ROAD TO NIRVANA

愛とポエムとお花のブログ。ときどき書評。たまに映画レビューとか。

大衆は常に危険に晒されるもの?(THE CHINA SYNDROME)

 

全米公開直後の1979年3月、スリーマイル島原子力発電所で事故が起こり、これ以上ないほどの迫真性を観る者に与えた。原発を取材中のTVキャスター、キンバリー(フォンダ)とそのクルー(ダグラス、バルデス)は偶然、事故の現場に立ち会うが、上からの圧力によってそのニュースはNGとなる。そして調査の後、運転を再開した発電所では技師ジャック・ゴデル(レモン)が原発の欠陥を発見していた。その事を知ったキンバリーは彼の協力を得て、この事件を世間に公表しようとするのだが……。原発内部告発を題材にした作品だが、堅苦しい社会派モノではなく、サスペンスをふんだんに織り込んだ陰謀劇に仕上げ、エンタテインメントたらんとしている所が潔い。
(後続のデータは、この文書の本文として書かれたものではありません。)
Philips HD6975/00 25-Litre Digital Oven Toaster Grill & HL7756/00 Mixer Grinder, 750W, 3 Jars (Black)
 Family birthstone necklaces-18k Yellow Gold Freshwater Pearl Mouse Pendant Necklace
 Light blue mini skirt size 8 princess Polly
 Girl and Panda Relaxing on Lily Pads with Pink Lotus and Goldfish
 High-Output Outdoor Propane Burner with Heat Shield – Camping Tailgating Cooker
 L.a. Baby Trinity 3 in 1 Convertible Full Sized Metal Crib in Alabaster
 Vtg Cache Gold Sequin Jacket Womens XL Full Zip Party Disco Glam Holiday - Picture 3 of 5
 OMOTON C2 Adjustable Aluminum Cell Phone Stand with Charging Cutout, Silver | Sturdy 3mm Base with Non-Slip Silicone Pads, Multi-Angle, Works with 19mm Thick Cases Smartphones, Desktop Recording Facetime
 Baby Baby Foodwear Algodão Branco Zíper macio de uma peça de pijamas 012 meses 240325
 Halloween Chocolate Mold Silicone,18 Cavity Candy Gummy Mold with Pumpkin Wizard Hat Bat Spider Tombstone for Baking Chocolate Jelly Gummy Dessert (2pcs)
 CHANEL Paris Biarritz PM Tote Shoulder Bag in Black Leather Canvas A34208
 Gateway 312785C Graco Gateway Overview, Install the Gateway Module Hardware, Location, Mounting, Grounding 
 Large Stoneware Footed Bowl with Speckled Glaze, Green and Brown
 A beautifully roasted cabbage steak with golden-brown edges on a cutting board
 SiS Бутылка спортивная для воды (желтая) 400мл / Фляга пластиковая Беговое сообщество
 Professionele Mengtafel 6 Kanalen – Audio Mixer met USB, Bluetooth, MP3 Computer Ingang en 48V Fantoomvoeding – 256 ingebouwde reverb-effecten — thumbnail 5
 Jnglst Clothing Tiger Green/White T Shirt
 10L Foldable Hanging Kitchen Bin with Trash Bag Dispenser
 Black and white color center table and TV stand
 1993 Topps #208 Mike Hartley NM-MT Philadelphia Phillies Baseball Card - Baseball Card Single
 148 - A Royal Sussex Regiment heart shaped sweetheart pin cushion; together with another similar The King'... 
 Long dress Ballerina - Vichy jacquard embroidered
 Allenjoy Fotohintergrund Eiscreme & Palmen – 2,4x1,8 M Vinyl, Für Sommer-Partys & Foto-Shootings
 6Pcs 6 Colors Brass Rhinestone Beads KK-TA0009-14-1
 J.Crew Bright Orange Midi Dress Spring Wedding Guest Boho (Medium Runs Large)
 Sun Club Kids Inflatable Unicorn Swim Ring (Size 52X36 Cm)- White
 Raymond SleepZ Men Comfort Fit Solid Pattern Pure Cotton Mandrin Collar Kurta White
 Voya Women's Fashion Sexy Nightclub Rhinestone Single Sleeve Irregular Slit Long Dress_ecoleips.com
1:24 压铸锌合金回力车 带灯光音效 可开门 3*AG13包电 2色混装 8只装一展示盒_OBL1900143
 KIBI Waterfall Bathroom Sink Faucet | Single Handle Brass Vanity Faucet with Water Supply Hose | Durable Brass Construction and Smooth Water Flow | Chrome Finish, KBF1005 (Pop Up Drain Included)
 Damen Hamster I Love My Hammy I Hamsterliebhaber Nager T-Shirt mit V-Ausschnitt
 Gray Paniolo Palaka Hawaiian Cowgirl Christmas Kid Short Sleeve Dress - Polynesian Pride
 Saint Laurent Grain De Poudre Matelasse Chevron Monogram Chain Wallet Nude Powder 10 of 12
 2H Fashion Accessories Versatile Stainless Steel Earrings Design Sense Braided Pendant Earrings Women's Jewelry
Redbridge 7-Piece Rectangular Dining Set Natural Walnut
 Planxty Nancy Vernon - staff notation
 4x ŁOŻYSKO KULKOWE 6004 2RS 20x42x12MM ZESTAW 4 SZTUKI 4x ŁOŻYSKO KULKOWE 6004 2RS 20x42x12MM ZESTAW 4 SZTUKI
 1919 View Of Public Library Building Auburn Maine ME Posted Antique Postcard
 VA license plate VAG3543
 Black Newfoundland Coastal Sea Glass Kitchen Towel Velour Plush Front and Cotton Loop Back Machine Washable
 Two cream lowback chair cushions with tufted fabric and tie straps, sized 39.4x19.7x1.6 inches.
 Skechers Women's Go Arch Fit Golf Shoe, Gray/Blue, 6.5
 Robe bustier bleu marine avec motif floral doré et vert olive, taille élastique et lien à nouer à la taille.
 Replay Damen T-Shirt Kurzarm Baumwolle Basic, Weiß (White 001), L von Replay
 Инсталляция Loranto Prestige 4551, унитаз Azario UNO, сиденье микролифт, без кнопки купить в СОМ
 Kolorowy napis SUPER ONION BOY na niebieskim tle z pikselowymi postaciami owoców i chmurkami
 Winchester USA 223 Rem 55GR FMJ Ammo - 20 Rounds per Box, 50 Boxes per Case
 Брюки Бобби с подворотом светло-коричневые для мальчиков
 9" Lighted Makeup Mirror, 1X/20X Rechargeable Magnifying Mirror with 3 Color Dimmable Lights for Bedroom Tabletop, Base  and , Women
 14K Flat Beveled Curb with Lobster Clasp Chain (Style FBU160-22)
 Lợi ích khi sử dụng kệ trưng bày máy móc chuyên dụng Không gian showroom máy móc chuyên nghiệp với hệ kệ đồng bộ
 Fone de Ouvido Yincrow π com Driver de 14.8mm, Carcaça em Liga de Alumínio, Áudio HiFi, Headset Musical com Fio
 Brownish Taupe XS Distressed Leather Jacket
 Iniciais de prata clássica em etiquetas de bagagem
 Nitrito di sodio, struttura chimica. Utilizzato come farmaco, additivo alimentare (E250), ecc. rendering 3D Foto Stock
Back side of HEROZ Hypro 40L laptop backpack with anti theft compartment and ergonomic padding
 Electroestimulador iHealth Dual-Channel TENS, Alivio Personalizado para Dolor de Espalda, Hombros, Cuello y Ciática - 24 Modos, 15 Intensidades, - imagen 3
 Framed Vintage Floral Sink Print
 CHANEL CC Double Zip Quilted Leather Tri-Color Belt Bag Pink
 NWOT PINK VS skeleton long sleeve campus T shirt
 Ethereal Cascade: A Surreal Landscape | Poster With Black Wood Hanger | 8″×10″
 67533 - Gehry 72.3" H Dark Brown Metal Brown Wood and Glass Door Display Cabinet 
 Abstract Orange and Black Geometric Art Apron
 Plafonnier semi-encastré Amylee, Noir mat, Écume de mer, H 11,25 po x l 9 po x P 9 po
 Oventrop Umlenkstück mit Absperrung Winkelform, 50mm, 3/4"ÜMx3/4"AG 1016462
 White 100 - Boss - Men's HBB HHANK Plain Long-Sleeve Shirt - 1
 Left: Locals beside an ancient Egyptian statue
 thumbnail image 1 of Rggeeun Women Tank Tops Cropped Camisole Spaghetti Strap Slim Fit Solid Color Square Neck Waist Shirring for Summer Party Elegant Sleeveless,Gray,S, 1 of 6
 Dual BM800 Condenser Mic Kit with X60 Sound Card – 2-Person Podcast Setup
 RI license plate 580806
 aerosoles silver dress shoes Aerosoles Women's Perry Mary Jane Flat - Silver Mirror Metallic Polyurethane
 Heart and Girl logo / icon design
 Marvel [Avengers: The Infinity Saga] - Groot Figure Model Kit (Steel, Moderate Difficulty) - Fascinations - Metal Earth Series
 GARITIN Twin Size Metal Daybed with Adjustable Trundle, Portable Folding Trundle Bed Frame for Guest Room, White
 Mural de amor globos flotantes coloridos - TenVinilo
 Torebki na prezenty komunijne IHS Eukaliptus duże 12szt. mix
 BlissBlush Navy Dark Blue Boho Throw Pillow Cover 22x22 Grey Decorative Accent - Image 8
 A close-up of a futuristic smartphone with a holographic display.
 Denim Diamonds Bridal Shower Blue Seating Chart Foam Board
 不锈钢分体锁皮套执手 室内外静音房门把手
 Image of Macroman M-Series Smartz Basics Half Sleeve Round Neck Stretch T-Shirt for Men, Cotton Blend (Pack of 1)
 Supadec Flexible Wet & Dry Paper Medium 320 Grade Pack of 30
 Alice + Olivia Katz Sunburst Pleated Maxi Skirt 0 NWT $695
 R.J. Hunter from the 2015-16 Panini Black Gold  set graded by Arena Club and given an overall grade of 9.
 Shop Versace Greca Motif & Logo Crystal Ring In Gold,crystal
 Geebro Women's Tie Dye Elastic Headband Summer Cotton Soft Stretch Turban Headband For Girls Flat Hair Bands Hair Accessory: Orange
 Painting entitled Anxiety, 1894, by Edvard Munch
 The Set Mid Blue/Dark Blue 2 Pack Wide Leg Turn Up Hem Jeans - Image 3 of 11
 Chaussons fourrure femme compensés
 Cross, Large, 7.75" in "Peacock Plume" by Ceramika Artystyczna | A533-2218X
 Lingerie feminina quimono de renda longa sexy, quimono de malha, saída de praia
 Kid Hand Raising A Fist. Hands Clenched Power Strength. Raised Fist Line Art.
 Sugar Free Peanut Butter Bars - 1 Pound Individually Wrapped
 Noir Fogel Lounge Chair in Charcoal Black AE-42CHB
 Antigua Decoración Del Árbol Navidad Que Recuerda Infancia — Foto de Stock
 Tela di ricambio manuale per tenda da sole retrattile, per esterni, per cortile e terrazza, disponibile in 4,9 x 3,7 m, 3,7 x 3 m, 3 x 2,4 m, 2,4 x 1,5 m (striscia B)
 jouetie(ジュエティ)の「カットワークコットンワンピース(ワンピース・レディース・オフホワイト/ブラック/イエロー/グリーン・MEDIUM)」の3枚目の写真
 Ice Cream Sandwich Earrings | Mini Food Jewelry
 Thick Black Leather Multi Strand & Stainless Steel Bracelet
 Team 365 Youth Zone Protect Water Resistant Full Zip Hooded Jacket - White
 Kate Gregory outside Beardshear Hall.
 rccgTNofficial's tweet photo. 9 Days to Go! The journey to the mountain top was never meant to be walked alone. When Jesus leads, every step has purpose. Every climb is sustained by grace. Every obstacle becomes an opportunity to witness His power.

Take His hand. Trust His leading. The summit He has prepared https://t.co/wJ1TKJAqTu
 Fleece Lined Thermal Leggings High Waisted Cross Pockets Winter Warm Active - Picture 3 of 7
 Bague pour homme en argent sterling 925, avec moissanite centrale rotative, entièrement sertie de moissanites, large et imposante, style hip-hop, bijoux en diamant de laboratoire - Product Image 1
原子炉の危機を訴える技師が発電所に篭城する終盤は、レモンの力演もあって迫力あるものになっている。

 

 

 

もう30年以上も前の作品だが、まさしく「今」の映画だ。

 

「大衆は常に危険に晒されるものなの?」

 

ジェーン•フォンダ扮するTVキャスターが技師のゴデル(ジャック•レモン)に問いかけたこの台詞への返答はまだ聞こえてこない。